→ Data section:
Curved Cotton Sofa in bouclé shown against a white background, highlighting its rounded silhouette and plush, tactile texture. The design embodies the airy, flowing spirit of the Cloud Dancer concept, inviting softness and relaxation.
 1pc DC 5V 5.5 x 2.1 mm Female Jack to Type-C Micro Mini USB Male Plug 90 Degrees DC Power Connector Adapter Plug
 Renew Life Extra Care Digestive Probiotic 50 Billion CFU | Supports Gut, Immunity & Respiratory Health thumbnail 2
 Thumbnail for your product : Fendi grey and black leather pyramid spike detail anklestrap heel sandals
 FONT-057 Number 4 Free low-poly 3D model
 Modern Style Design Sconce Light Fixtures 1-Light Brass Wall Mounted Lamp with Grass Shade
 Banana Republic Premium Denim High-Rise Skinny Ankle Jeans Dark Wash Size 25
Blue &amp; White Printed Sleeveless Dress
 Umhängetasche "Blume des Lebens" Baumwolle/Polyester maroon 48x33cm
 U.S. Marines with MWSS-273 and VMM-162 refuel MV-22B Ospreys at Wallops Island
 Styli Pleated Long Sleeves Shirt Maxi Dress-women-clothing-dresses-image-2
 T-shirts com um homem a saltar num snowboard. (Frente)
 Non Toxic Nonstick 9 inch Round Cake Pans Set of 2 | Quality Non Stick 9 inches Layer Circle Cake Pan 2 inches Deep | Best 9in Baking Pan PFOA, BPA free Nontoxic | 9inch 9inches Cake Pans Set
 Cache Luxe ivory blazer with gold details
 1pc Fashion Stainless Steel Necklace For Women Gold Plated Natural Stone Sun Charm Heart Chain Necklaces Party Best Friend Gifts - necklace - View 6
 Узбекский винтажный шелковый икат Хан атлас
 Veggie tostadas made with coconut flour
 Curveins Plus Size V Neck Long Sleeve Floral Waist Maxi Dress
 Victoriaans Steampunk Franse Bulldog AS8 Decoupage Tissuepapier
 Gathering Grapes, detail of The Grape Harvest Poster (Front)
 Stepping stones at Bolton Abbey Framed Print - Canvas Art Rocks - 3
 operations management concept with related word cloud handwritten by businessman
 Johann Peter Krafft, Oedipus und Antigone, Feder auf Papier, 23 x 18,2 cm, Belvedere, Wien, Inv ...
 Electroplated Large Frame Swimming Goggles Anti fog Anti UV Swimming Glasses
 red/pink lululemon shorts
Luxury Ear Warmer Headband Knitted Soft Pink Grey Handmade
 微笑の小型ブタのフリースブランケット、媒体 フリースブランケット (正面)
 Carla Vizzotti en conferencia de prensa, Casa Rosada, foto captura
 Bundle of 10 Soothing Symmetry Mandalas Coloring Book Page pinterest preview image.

→ Task directions: Give back the whole listing exactly.

→ Finished exercise:
Curved Cotton Sofa in bouclé shown against a white background, highlighting its rounded silhouette and plush, tactile texture. The design embodies the airy, flowing spirit of the Cloud Dancer concept, inviting softness and relaxation.
 1pc DC 5V 5.5 x 2.1 mm Female Jack to Type-C Micro Mini USB Male Plug 90 Degrees DC Power Connector Adapter Plug
 Renew Life Extra Care Digestive Probiotic 50 Billion CFU | Supports Gut, Immunity & Respiratory Health thumbnail 2
 Thumbnail for your product : Fendi grey and black leather pyramid spike detail anklestrap heel sandals
 FONT-057 Number 4 Free low-poly 3D model
 Modern Style Design Sconce Light Fixtures 1-Light Brass Wall Mounted Lamp with Grass Shade
 Banana Republic Premium Denim High-Rise Skinny Ankle Jeans Dark Wash Size 25
Blue &amp; White Printed Sleeveless Dress
 Umhängetasche "Blume des Lebens" Baumwolle/Polyester maroon 48x33cm
 U.S. Marines with MWSS-273 and VMM-162 refuel MV-22B Ospreys at Wallops Island
 Styli Pleated Long Sleeves Shirt Maxi Dress-women-clothing-dresses-image-2
 T-shirts com um homem a saltar num snowboard. (Frente)
 Non Toxic Nonstick 9 inch Round Cake Pans Set of 2 | Quality Non Stick 9 inches Layer Circle Cake Pan 2 inches Deep | Best 9in Baking Pan PFOA, BPA free Nontoxic | 9inch 9inches Cake Pans Set
 Cache Luxe ivory blazer with gold details
 1pc Fashion Stainless Steel Necklace For Women Gold Plated Natural Stone Sun Charm Heart Chain Necklaces Party Best Friend Gifts - necklace - View 6
 Узбекский винтажный шелковый икат Хан атлас
 Veggie tostadas made with coconut flour
 Curveins Plus Size V Neck Long Sleeve Floral Waist Maxi Dress
 Victoriaans Steampunk Franse Bulldog AS8 Decoupage Tissuepapier
 Gathering Grapes, detail of The Grape Harvest Poster (Front)
 Stepping stones at Bolton Abbey Framed Print - Canvas Art Rocks - 3
 operations management concept with related word cloud handwritten by businessman
 Johann Peter Krafft, Oedipus und Antigone, Feder auf Papier, 23 x 18,2 cm, Belvedere, Wien, Inv ...
 Electroplated Large Frame Swimming Goggles Anti fog Anti UV Swimming Glasses
 red/pink lululemon shorts
Luxury Ear Warmer Headband Knitted Soft Pink Grey Handmade
 微笑の小型ブタのフリースブランケット、媒体 フリースブランケット (正面)
 Carla Vizzotti en conferencia de prensa, Casa Rosada, foto captura
 Bundle of 10 Soothing Symmetry Mandalas Coloring Book Page pinterest preview image.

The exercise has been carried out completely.